It is easy for most tax accountants to be blasй about this question, to
sometimes question the motives of clients raising the question. They may
even treat it as a joke, and answer it in an offhand way.
On the other hand, clients may believe that tax accountants have the knowledge
they seek and have to be coerced or goaded somehow into revealing the
information to them. It may appear to our clients at times that tax accountants
are working for the Tax Office (IRD, ATO or IRS, depending on your country).
The term ‘tax compliance’ seems to support this view.
To be sure, tax accountants are trained in tax law, and have dual duties
to their clients and the Tax Office, especially if they are registered
as Tax Agents. The Tax Agents obligations to the Tax Office are discharged
by ensuring that their clients lodge their tax returns according to their
lodgement schedule with the Tax Office, and that the tax returns are prepared
in compliance with the prevailing tax laws, tax rulings and interpretations.
The Tax Agents obligations to their clients are discharged by correctly
applying tax laws, tax rulings and interpretations when they prepare their
clients’ tax returns. Tax Agents should go further and advise their clients
how to organize their tax affairs better and assist them to achieve better
tax results…all within the prevailing tax laws.
That is the theory…the normative assessment, or what should be in other
words. Just as there is market failure, there is also failure at times
in what tax accountants do and fail to do. There are times when the tax
accountant does not keep up-to-date with tax laws, so provides the wrong
advice. This can be to the detriment of the client in not claiming what
can be legally claimed or in claiming what cannot be legally claimed.
Accountability is a term that has been in vogue for at least the past
decade. Tax accountants have to be accountable to their clients, just
as we require every one else in a position of trust to be held accountable
for their actions. So, clients do have a reasonable right to ask the question
mentioned above…and to expect an answer.
What can be done?
Firstly, using different tax or business structures is one way to do it.
By different structures we are referring to business on own account, partnerships,
companies, trusts and joint ventures. There is usually a reason why one
form is preferred to another. It may be commercial reality, such as people
expect to see a business being conducted by a company.
It may be that the number of investors dictates it be a company, so that
management can be installed to look after their interests and limit liability.

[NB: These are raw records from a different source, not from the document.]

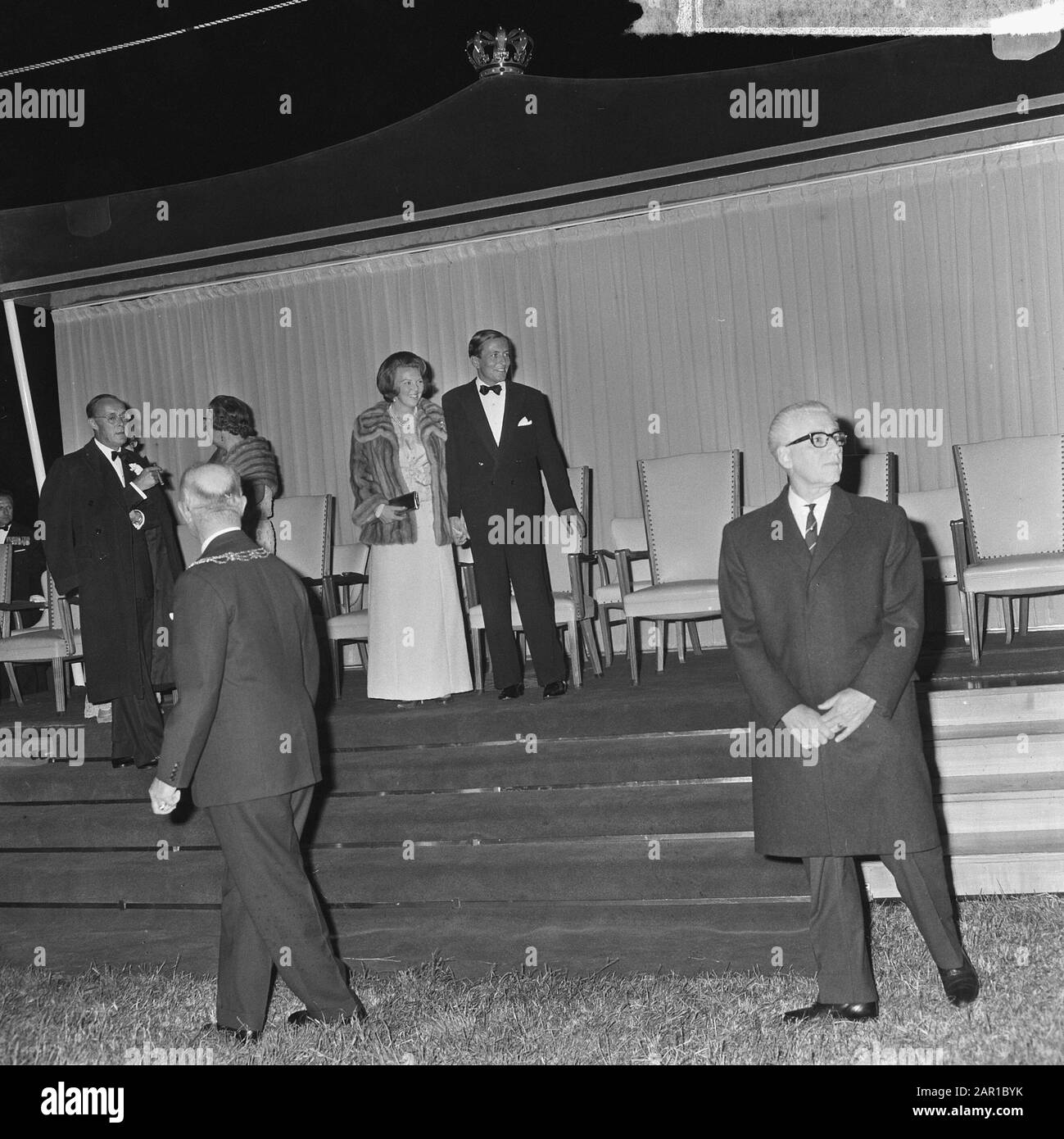 Fuochi d'artificio sul Malieveld, Principessa Beatrix e Claus Data: 29 giugno 1965 Parole Chiave: Fuochi d'artificio, impegni Nome utente: Beatrix, principessa, Claus, principe, Malieveld Foto Stock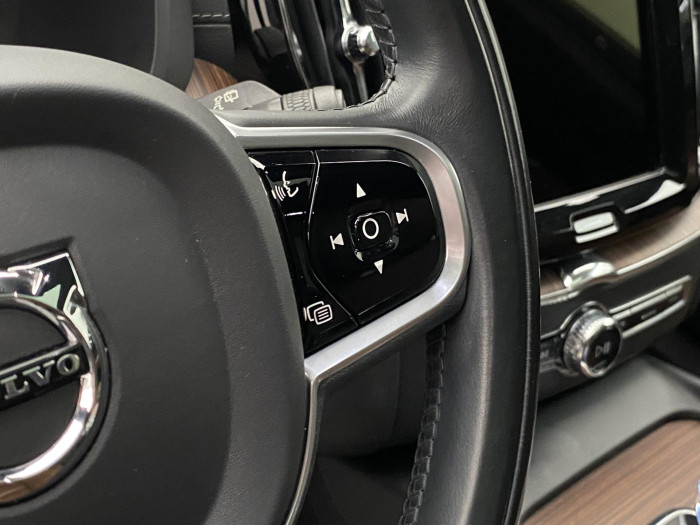 Volvo XC60 B5 AWD INSCRIPTION AUT CZ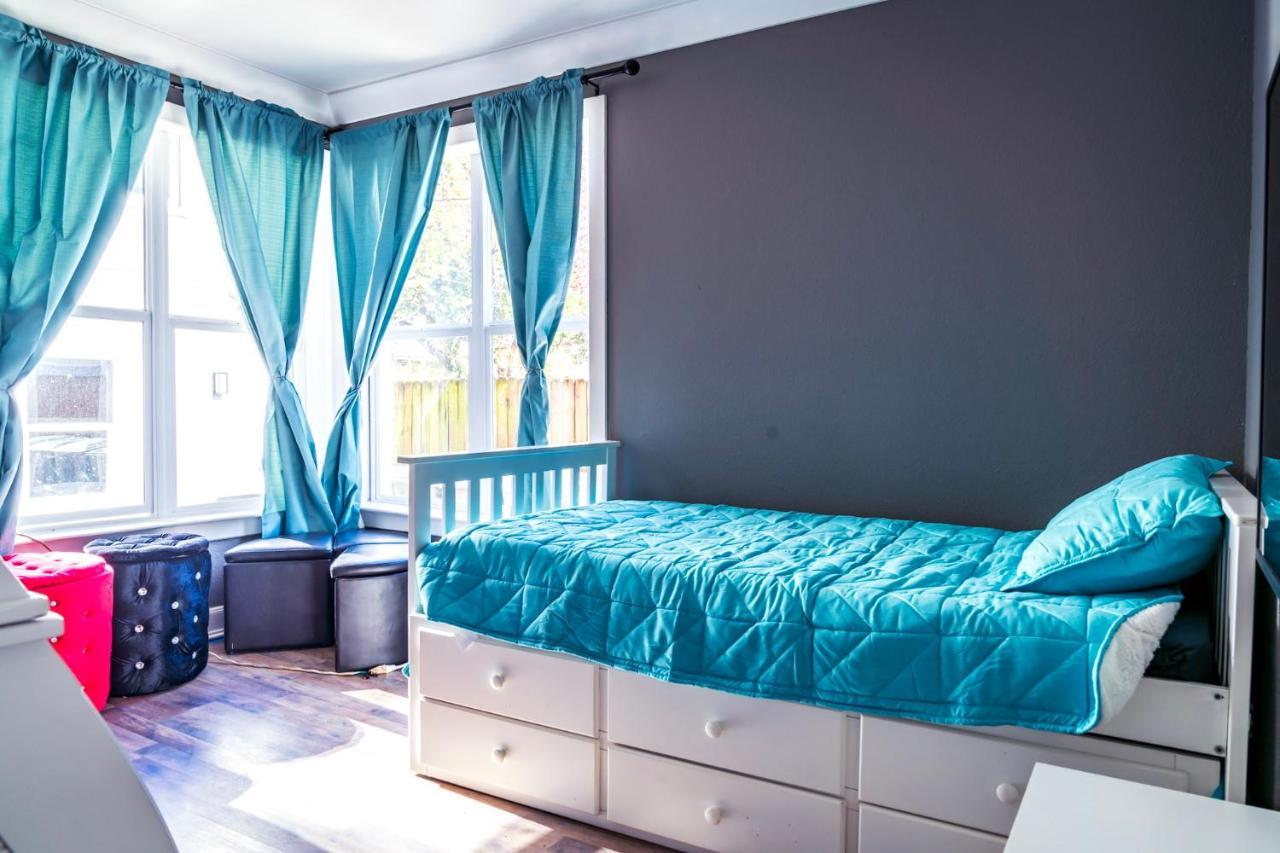 Luxury Pet Friendly In Near Downtown Attractions - 2707b Apartment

It may be the type of product that dictates a joint venture, such as gold
mining. And partnerships may be appropriate when it is a business to be
worked by a husband and wife. Trusts may be preferred where asset protection
is an issue.
Be that as it may, the Tax Office treats each entity differently. Sometimes,
expenses can be claimed by a company that cannot be claimed by an individual
or a partnership. And partnerships are not taxed, but the net income or
loss is distributed to the partners. Companies and Trusts are taxed as
separate taxpayers from their owners. This can provide opportunities for
reducing tax, depending on marginal tax rates of the entity and the shareholders
or beneficiaries, and also to reduce provisional tax.
Secondly, you can claim more expenses if you know what you can claim.

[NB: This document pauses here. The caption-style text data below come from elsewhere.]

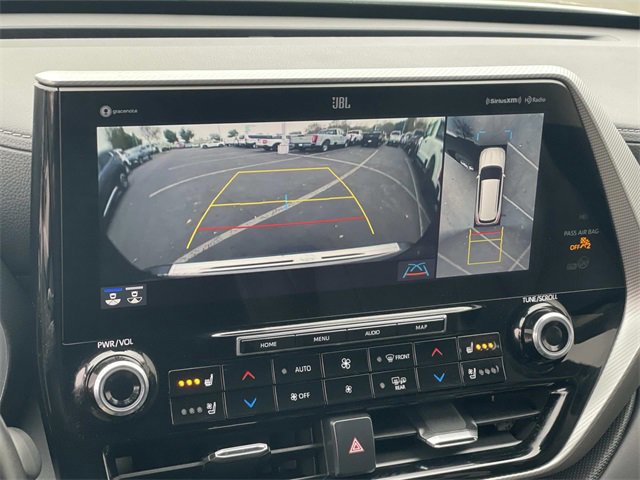 Used 2022 Toyota Highlander Platinum image 13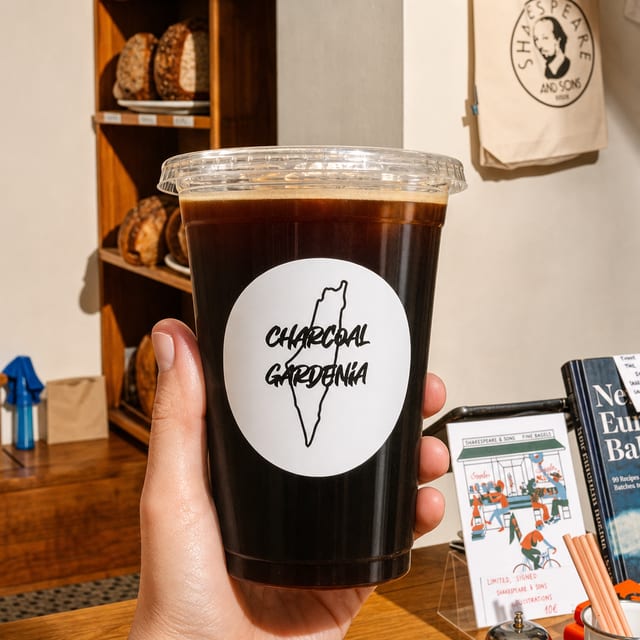 Iced Caffè Americano.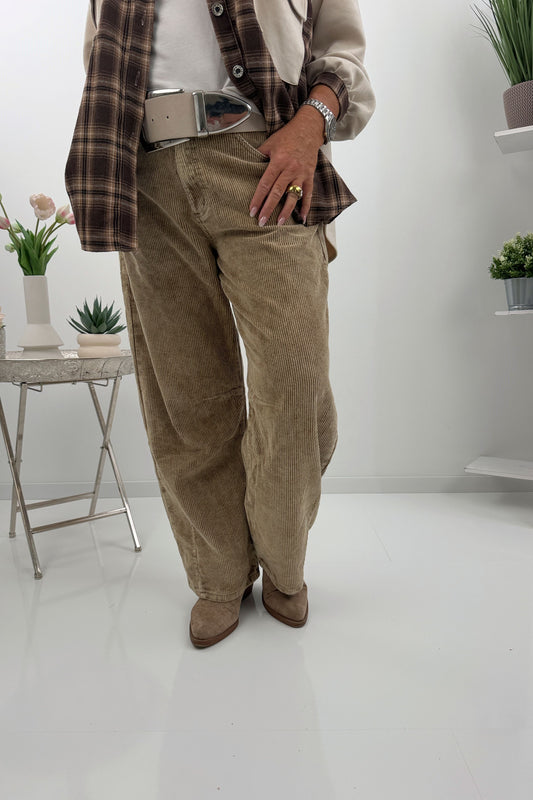 Modische Cordhose (38-42)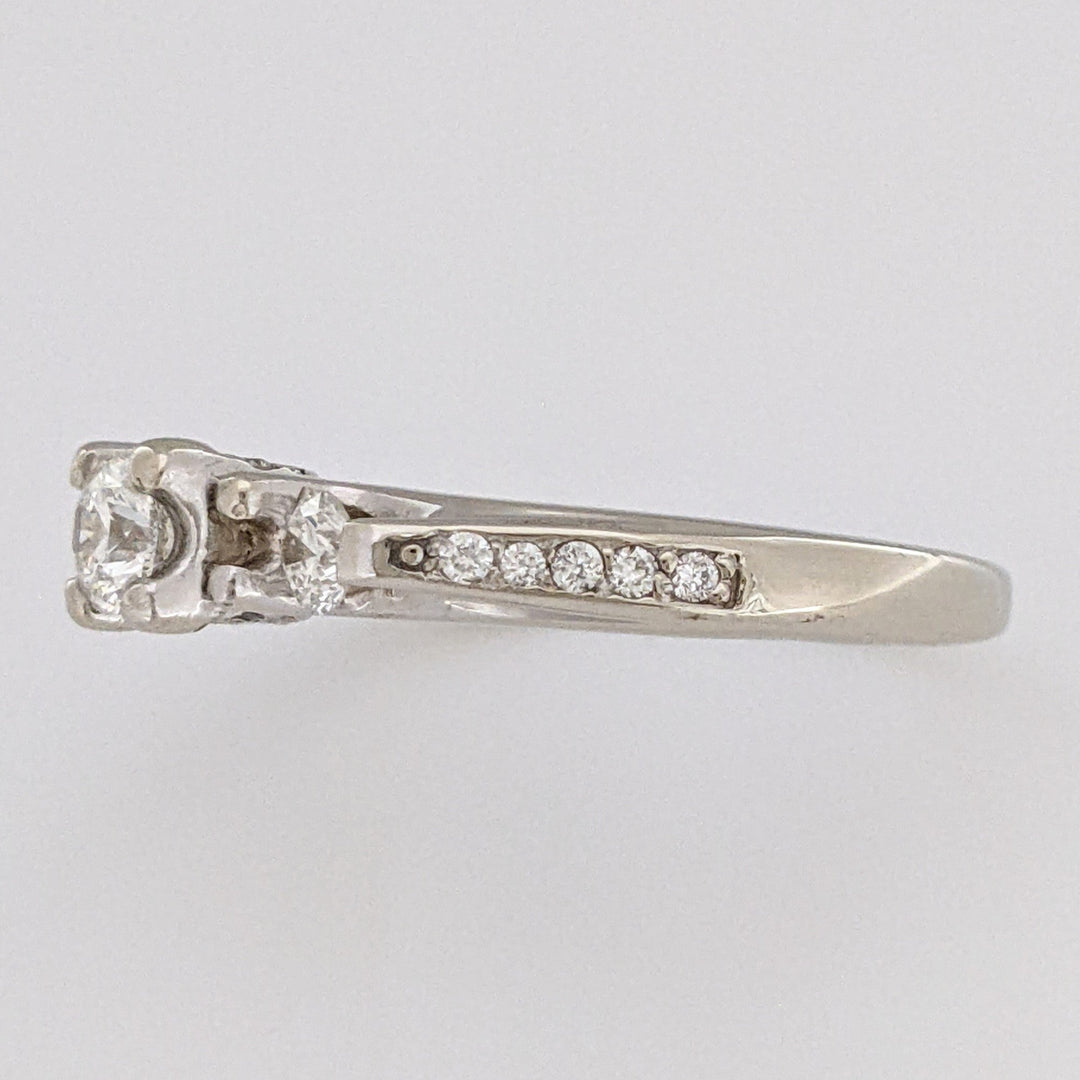 14K WHITE .46 CARAT TOTAL WEIGHT SI2 H DIAMOND ROUND (13) TRINITY ESTATE RING 3.2G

Your tax accountant can provide you with a list of business deductions.
There may be some expenses that you did not know you could claim. So,
it is worth asking your tax accountant. If they cannot provide you with
a list, you would have to wonder if they are organized to assist their
clients and if they really do know what can be claimed.
Thirdly, you can avail yourself of tax favoured investments, such as afforestation
projects. Film incentives are no longer available in New Zealand, but
are still available in other countries. Forests take a long time to come
to harvest, often up to 25 years. Some types of trees can be harvested
in 8 to 10 years, so afforestation should not be ignored. There is also
the warm fuzzy feeling to be gained from helping the environment.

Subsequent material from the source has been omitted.